Problem statement: The answer must restate every entry exactly as it appears.

+++ Source data +++

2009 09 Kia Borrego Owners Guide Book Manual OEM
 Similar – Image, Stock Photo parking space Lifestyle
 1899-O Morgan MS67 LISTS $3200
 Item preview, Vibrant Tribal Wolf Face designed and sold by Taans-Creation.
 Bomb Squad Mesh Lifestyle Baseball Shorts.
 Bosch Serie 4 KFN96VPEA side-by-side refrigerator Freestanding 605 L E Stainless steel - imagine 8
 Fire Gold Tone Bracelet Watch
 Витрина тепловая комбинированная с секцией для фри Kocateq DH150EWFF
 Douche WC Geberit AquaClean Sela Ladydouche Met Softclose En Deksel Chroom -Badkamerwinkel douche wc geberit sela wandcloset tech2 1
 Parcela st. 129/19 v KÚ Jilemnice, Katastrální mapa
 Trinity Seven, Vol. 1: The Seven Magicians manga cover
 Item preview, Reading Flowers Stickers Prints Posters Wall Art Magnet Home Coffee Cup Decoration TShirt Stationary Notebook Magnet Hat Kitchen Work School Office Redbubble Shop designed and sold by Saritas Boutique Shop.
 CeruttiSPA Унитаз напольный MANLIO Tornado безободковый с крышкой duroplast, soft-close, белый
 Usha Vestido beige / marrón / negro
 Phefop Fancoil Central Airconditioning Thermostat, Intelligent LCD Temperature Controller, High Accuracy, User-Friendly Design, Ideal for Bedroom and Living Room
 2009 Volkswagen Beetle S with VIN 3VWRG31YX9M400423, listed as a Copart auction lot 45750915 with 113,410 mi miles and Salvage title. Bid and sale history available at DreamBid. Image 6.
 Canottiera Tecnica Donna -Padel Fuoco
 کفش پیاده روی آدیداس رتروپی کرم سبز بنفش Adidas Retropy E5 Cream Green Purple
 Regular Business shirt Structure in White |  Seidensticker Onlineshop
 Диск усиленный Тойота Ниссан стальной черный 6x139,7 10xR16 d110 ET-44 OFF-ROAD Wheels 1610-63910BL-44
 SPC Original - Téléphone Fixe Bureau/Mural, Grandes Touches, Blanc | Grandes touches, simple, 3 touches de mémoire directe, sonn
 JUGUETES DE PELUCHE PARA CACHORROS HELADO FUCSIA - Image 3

+++

Output below:
2009 09 Kia Borrego Owners Guide Book Manual OEM
 Similar – Image, Stock Photo parking space Lifestyle
 1899-O Morgan MS67 LISTS $3200
 Item preview, Vibrant Tribal Wolf Face designed and sold by Taans-Creation.
 Bomb Squad Mesh Lifestyle Baseball Shorts.
 Bosch Serie 4 KFN96VPEA side-by-side refrigerator Freestanding 605 L E Stainless steel - imagine 8
 Fire Gold Tone Bracelet Watch
 Витрина тепловая комбинированная с секцией для фри Kocateq DH150EWFF
 Douche WC Geberit AquaClean Sela Ladydouche Met Softclose En Deksel Chroom -Badkamerwinkel douche wc geberit sela wandcloset tech2 1
 Parcela st. 129/19 v KÚ Jilemnice, Katastrální mapa
 Trinity Seven, Vol. 1: The Seven Magicians manga cover
 Item preview, Reading Flowers Stickers Prints Posters Wall Art Magnet Home Coffee Cup Decoration TShirt Stationary Notebook Magnet Hat Kitchen Work School Office Redbubble Shop designed and sold by Saritas Boutique Shop.
 CeruttiSPA Унитаз напольный MANLIO Tornado безободковый с крышкой duroplast, soft-close, белый
 Usha Vestido beige / marrón / negro
 Phefop Fancoil Central Airconditioning Thermostat, Intelligent LCD Temperature Controller, High Accuracy, User-Friendly Design, Ideal for Bedroom and Living Room
 2009 Volkswagen Beetle S with VIN 3VWRG31YX9M400423, listed as a Copart auction lot 45750915 with 113,410 mi miles and Salvage title. Bid and sale history available at DreamBid. Image 6.
 Canottiera Tecnica Donna -Padel Fuoco
 کفش پیاده روی آدیداس رتروپی کرم سبز بنفش Adidas Retropy E5 Cream Green Purple
 Regular Business shirt Structure in White |  Seidensticker Onlineshop
 Диск усиленный Тойота Ниссан стальной черный 6x139,7 10xR16 d110 ET-44 OFF-ROAD Wheels 1610-63910BL-44
 SPC Original - Téléphone Fixe Bureau/Mural, Grandes Touches, Blanc | Grandes touches, simple, 3 touches de mémoire directe, sonn
 JUGUETES DE PELUCHE PARA CACHORROS HELADO FUCSIA - Image 3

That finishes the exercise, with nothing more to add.